##### THE DATA

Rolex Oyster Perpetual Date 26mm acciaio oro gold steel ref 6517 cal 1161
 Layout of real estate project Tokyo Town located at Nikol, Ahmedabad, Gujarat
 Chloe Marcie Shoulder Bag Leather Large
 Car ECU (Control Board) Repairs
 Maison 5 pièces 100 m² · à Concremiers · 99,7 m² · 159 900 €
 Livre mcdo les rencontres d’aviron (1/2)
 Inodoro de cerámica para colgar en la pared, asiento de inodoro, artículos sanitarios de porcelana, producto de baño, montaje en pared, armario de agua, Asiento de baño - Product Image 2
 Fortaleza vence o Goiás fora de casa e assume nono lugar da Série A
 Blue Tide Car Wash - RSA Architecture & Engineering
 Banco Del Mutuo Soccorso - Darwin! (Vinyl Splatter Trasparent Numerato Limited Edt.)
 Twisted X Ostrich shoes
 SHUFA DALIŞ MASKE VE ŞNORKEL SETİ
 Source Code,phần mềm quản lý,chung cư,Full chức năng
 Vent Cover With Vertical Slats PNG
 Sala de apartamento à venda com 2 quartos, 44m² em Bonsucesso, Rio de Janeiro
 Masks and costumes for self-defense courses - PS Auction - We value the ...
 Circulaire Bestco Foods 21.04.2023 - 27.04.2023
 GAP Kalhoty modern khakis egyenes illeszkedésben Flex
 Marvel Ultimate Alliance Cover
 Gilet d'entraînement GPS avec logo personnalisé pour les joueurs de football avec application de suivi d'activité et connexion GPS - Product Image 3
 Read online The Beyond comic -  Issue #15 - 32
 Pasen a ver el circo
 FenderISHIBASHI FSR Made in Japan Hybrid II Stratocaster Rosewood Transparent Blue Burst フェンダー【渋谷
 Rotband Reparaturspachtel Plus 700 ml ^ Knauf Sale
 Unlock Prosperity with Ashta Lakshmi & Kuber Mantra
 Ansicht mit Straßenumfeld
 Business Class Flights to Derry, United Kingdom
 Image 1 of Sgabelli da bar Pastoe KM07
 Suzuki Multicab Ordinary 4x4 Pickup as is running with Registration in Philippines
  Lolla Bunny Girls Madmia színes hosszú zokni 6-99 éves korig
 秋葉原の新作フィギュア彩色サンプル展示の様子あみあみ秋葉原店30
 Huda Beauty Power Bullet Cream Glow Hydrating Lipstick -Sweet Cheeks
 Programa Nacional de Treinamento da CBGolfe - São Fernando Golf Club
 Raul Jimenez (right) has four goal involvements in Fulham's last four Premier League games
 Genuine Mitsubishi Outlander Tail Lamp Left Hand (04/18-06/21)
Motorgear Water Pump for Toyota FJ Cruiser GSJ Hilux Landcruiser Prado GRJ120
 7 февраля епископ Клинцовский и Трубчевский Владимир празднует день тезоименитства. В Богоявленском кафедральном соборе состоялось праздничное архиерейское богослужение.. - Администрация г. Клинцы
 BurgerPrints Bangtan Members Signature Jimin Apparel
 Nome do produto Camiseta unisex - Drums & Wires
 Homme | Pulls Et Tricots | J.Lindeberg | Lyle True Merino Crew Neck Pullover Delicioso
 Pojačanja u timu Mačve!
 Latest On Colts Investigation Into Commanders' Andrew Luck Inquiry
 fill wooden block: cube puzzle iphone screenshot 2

##########

What is asked for is an exact copy of the lines above from the one containing "Chloe Marcie Shoulder Bag Leather Large" through the one containing "Livre mcdo les rencontres d’aviron (1/2)", and only those.

 Chloe Marcie Shoulder Bag Leather Large
 Car ECU (Control Board) Repairs
 Maison 5 pièces 100 m² · à Concremiers · 99,7 m² · 159 900 €
 Livre mcdo les rencontres d’aviron (1/2)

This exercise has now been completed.